Etkinlik bitti, herkes gitti; Burcu ve ben bir gün daha kaldık orada. Hisbakışlara ve sohbete devam ettik, Onur'la daha çok sohbet etme şansımız oldu; o gün orada bululan Şule, Ege ve Suzan (ve oğulları Ali) ile de vakit geçirme şansımız oldu. Oradaki kişilerle de Medrese'yle de daha yoğun bir bağ kurmuş olduk...

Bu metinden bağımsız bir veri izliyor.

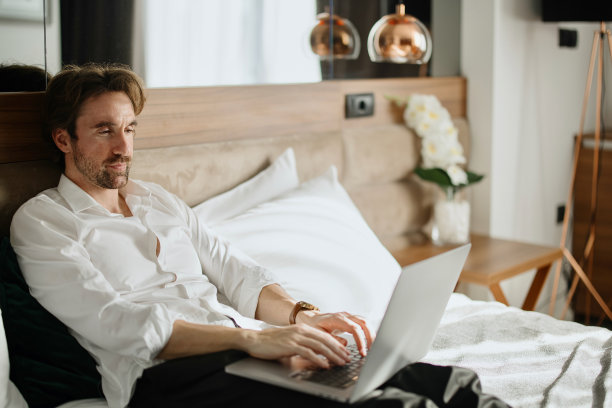 商人躺在酒店的床上用笔记本电脑图片下载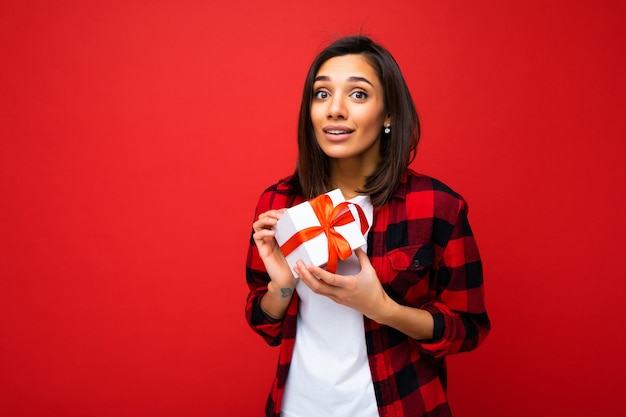 Pretty positive young brunette woman isolated wall wearing white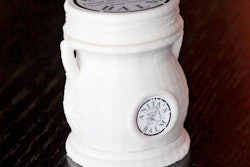 Anita’s Balm founder brings package manufacturing in-house, creating a custom twist-up container resembling a mini amphora jar, made from compostable PLA resin.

Ertesi sabah kahvaltı, çimlerde yayılma, gelen-gidenle selamlaşma, özellikle -neydi o kızın adı yaa- hah Turna ile sohbet, bize İngilizce şarkılar öğretmesi falan... Bi' de abisi var, Kuzgun...Öğleden sonra bir şeyler atıştırdıktan sonra Onur'u da aldık (ya da o bizi aldı), Şirince'ye gittik. Köyde gezinti, Nişanyan otelini ve bağ evlerini görme, Hodri Meydan Kulesi'ne çıkma, çok yürünesi patikaları fark etme ve burada bir etkinlik daha yapma isteğimizin kabarması...

Akşam üstüne doğru Onur'la vedalaştık ve Şirince çıkışında baş parmaklarımızı kaldırdık. Çok beklemeden orada yaşayan bir kadınla Selçuk'a, oradan bir edebiyat hocasıyla Seferihisar yoluna çıktıktan sonra bir kamyon aldı bizi ve yola koyulduk. Burcu'yu bir süreliğine ikamet ettiği Seferihisar-Doğanbey'de atıp ben Seferihisar'a kadar devam ettim amcayla. Orada otostopa başlamamla Hilal'in karşıma çıkması bir oldu. (Babamın bir arkadaşı, geçtiğimiz aylarda tanışmıştık.) Evlerinin olduğu Çamlı taraflarında indim ve bu sefer dört öğrenciden oluşan "rodtrip" ekibi durdu. Adamlar vizelerin bitmesiyle yola düşüp dört günde 3.000 km yapmışlar; Denizli, Konya, Isparta, Afyon'u arşınlamışlar. "E hep yolda geçmiştir zaman, gittiğiniz yerleri anladınız mı, algılayabildiniz mi?" soruma, "Nokta atış yaptık, gidilmesi gereken yerlere gittik, görülmesi gerekeni gördük, yenmesi gerekeni yedik." şeklinde cevap verdiler.

İzmir'de doğrudan Burak'a geldim yine. Burayı da artık iyice benimsedim zaten... Pazartesi günü öylece geçti. Salı günü akşam üstü Burcu geldi. Muhabbet ederken bir sonraki etkinlik için heyecanlandık falan (bugün-yarın kokusunu alırsınız); sonra Burak da okuldan döndü ve akşam dışarıda yemek yedik, sonra da Alsancak'a gittik. Çay-kurabiye... Yolda giderken de atölyeye gelenlere mesaj attık, belki gelebilenler olur diye. Murat, Sevil ve Özgür geldiler. Ayrıca Özgün ve birkaç arkadaşı da Kordon'daydı, biralarımızı alıp yanlarına gittik. Bir saat falan kalabildik, o sıralarda çok çok mutlu ve enerjik hissettiğimi paylaşasım var. Eski günlerdeki gibi çenemin düştüğünü fark ettim falan...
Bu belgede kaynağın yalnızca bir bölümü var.